-- AVAILABLE RECORDS --
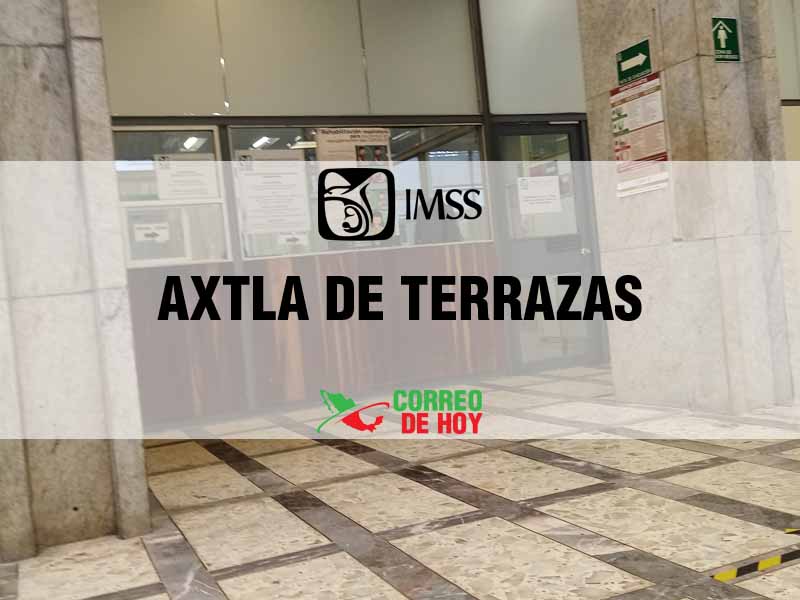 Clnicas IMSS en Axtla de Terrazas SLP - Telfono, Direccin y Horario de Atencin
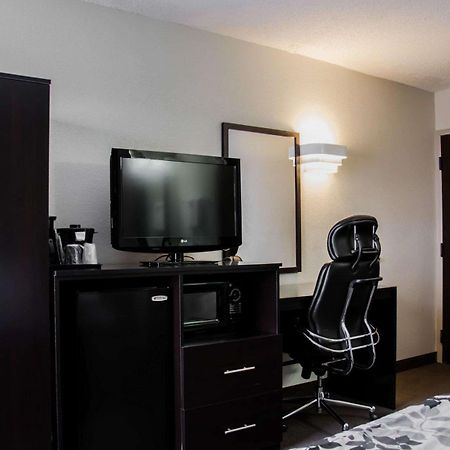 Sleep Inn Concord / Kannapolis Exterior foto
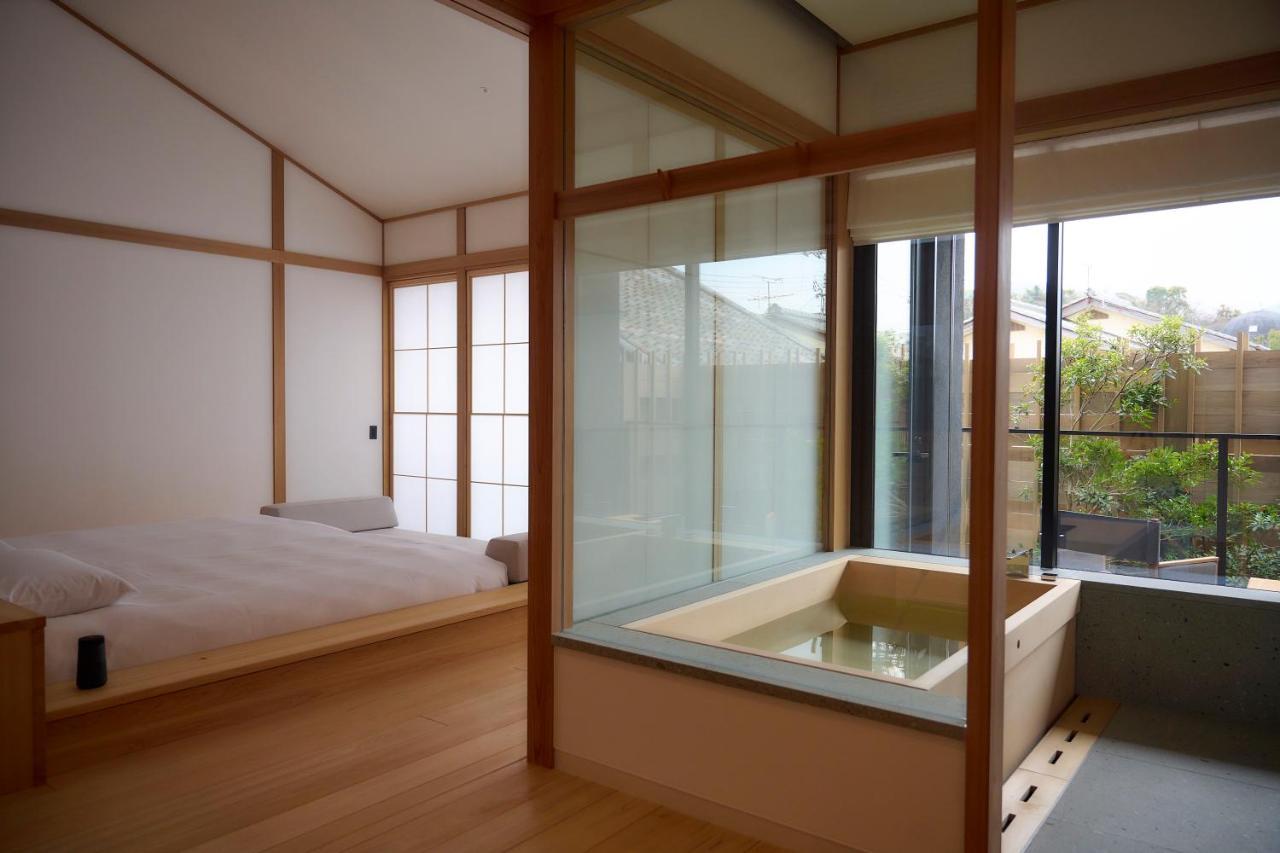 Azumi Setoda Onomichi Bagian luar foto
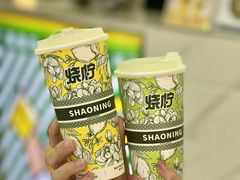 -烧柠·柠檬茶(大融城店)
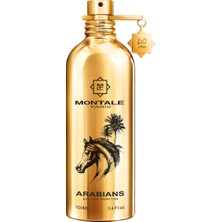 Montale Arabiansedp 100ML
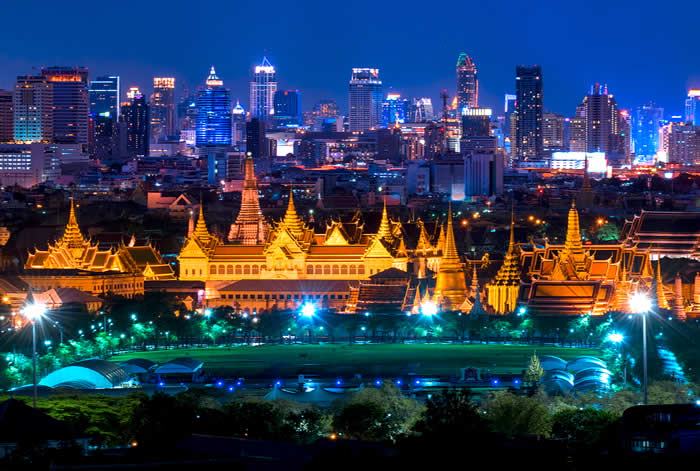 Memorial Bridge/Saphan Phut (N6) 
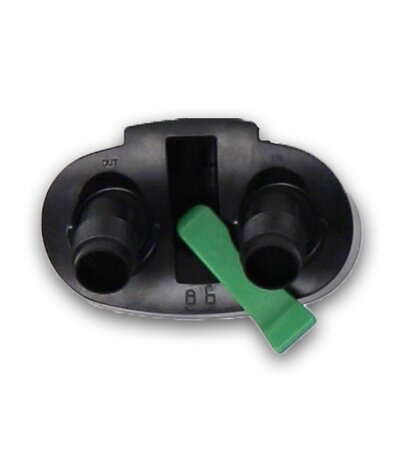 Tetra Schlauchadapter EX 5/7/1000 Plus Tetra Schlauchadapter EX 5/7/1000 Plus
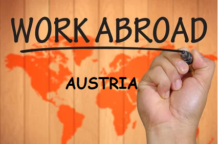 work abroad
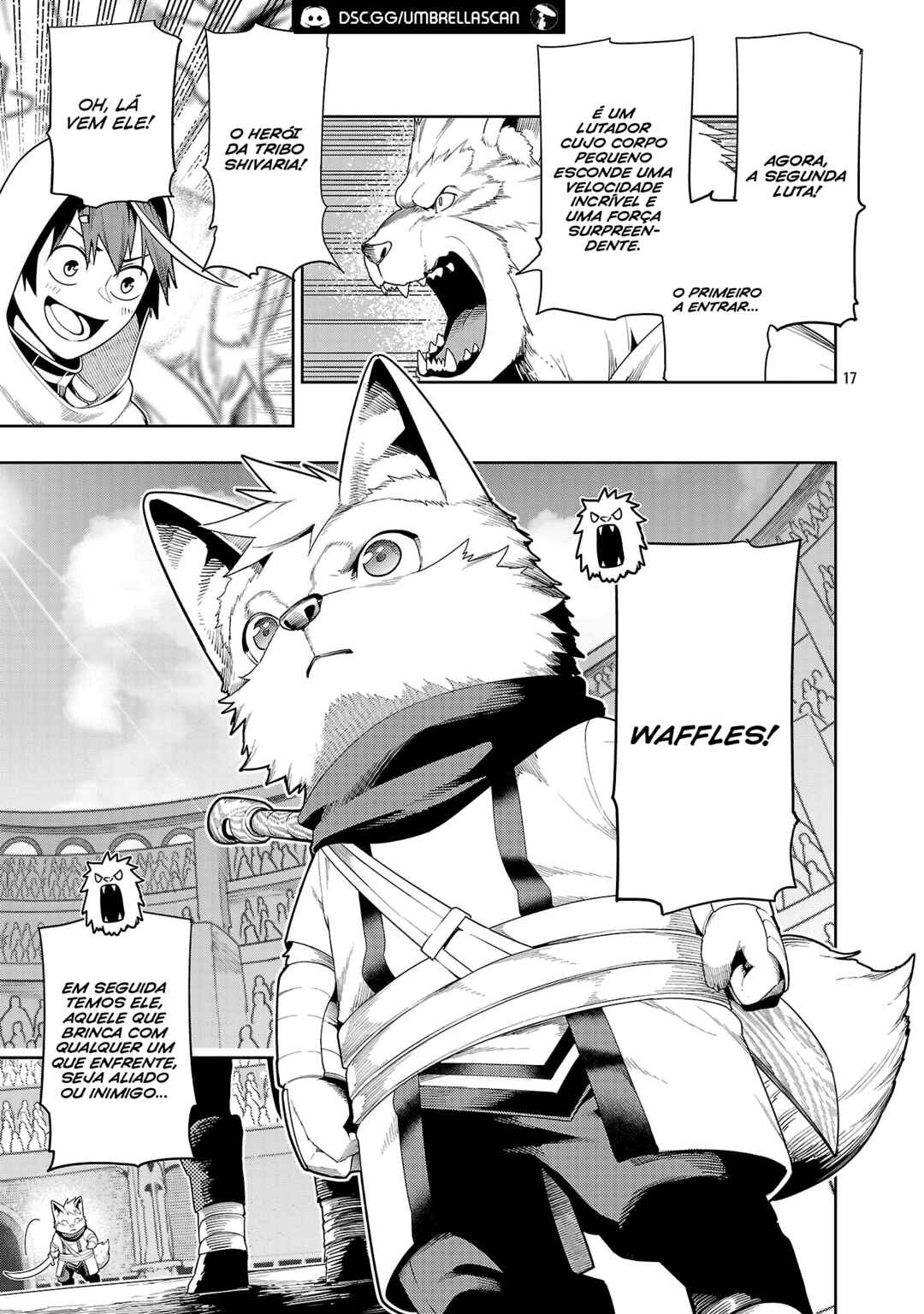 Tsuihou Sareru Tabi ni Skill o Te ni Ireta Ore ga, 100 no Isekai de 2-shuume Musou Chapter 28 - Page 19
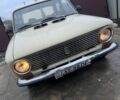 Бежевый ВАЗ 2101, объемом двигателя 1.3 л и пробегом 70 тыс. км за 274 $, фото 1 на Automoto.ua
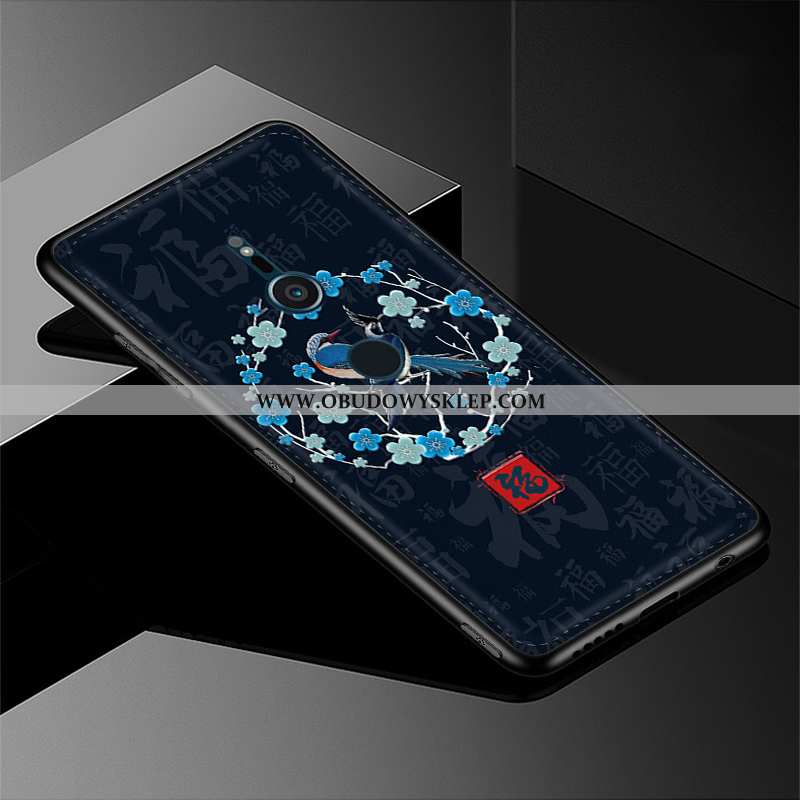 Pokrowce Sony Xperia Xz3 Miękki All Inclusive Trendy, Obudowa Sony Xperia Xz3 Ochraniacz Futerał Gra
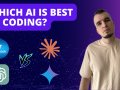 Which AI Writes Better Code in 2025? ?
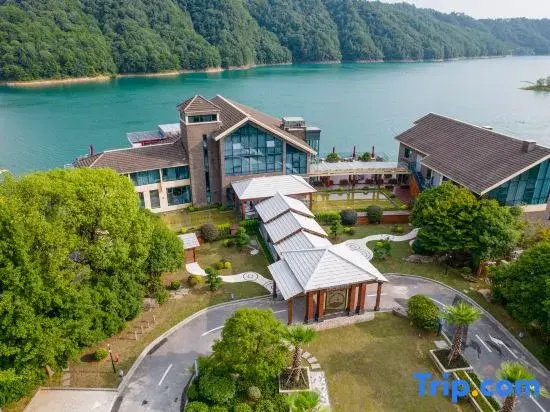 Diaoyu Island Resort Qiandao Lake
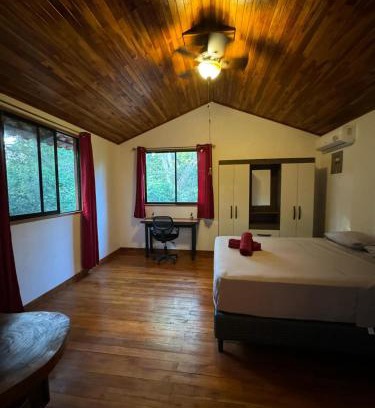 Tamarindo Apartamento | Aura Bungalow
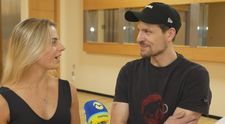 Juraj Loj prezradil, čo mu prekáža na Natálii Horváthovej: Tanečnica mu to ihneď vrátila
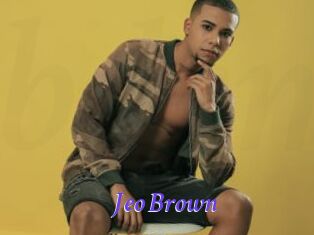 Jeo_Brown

-- ASSIGNED TASK --
Every record is to be restated word for word, with the pictures left out.

-- YOUR RESPONSE --
 Clnicas IMSS en Axtla de Terrazas SLP - Telfono, Direccin y Horario de Atencin
 Sleep Inn Concord / Kannapolis Exterior foto
 Azumi Setoda Onomichi Bagian luar foto
 -烧柠·柠檬茶(大融城店)
 Montale Arabiansedp 100ML
 Memorial Bridge/Saphan Phut (N6) 
 Tetra Schlauchadapter EX 5/7/1000 Plus Tetra Schlauchadapter EX 5/7/1000 Plus
 work abroad
 Tsuihou Sareru Tabi ni Skill o Te ni Ireta Ore ga, 100 no Isekai de 2-shuume Musou Chapter 28 - Page 19
 Бежевый ВАЗ 2101, объемом двигателя 1.3 л и пробегом 70 тыс. км за 274 $, фото 1 на Automoto.ua
 Pokrowce Sony Xperia Xz3 Miękki All Inclusive Trendy, Obudowa Sony Xperia Xz3 Ochraniacz Futerał Gra
 Which AI Writes Better Code in 2025? ?
 Diaoyu Island Resort Qiandao Lake
 Tamarindo Apartamento | Aura Bungalow
 Juraj Loj prezradil, čo mu prekáža na Natálii Horváthovej: Tanečnica mu to ihneď vrátila
 Jeo_Brown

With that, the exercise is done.